American dog training expert (1956-2016)

Jonathan Philip Klein (1956–2016) was an American expert in dog training and behavior consultant based in Los Angeles.

Klein trained dogs for several decades. He began I Said Sit in 1988 as an in-home pet training service and later offered day-care and boarding for dogs; he expanded his service by networking to vets, groomers, pet stores and breeders. In 2016, his 5,000 square foot facility offered training, day-care for dogs, and both long and short term boarding. Klein trained more than 8,000 dogs during a period of 28 years. His I Said Sit service won numerous awards.

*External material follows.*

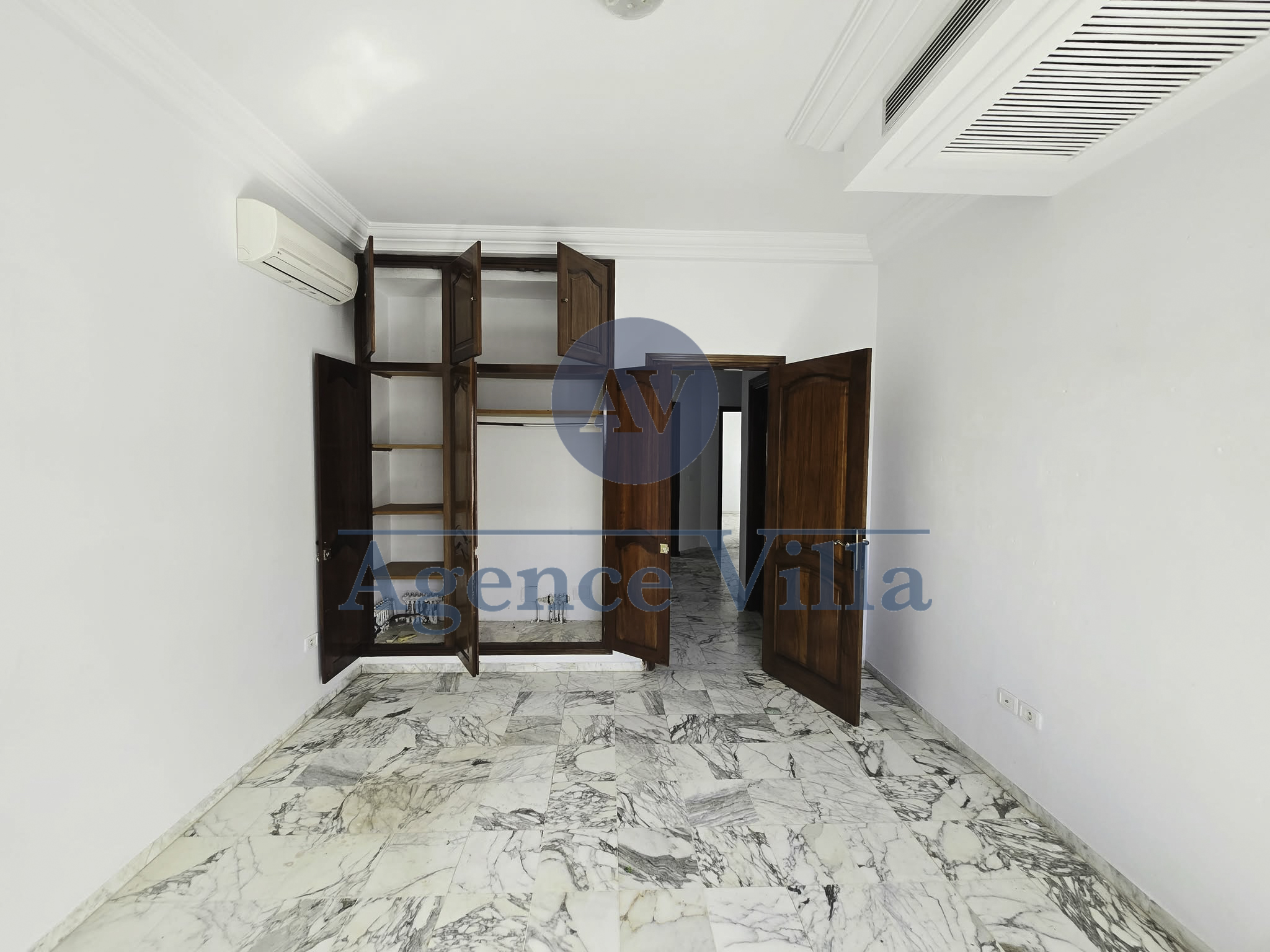 La Marsa&nbsp;Marsa Ennassim&nbsp;Location&nbsp;Appart. 5 pi�ces+&nbsp;Villa s4 avec jardin � la marsa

Klein advocated reward-based training. He did not believe in punishing the animals, but rather teaching wanted behaviors and rewarding them when they happened. Training should be based on "trust and cooperation" rather than fear or dominance or intimidation, according to Klein. He advocated that dogs and their owners should have a healthy "foundation of interaction" comparable to a supportive parent-child relationship. Dogs with separation anxiety or problems living alone can be helped by day-care, according to Klein. He advocated clicker training and hand signals as teaching methods. He liked to find out what things a dog wanted most, and then used that as a reward to encourage positive behavior; for example, in one instance, he found that a difficult Pomeranian valued her dog bed, and Klein used that as a reward. When a family has a new baby, he advocated a calm period of adjustment to get a dog and the baby used to each other, and continuing to give the pet the same attention as before.

Klein opposed surgical methods to remove or soften a dog's bark, sometimes known as debarking or devocalization. He saw debarking as a "quick fix" but which prevents a dog from communicating with humans or other animals, which can cause other long-term problems.

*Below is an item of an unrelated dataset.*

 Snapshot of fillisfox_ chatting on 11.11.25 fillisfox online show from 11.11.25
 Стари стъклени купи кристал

Klein attended Phillips Academy in Andover from 1971 to 1973, graduated from Palisades Charter High School in 1974, and earned a BA from the University of California at Santa Barbara in 1980. He was certified by the National Association of Dog Obedience Instructors, Inc, was a Certified Professional Dog Trainer - Knowledge Assessed (CPDT-KA) by the Certification Council for Professional Dog Trainers, and a Certified Dog Behavior Consultant by the International Association of Animal Behavior Consultants. He wrote a blog entitled thedogbehaviorexpert.com and served as a legal advisor and expert witness in dog behavior cases.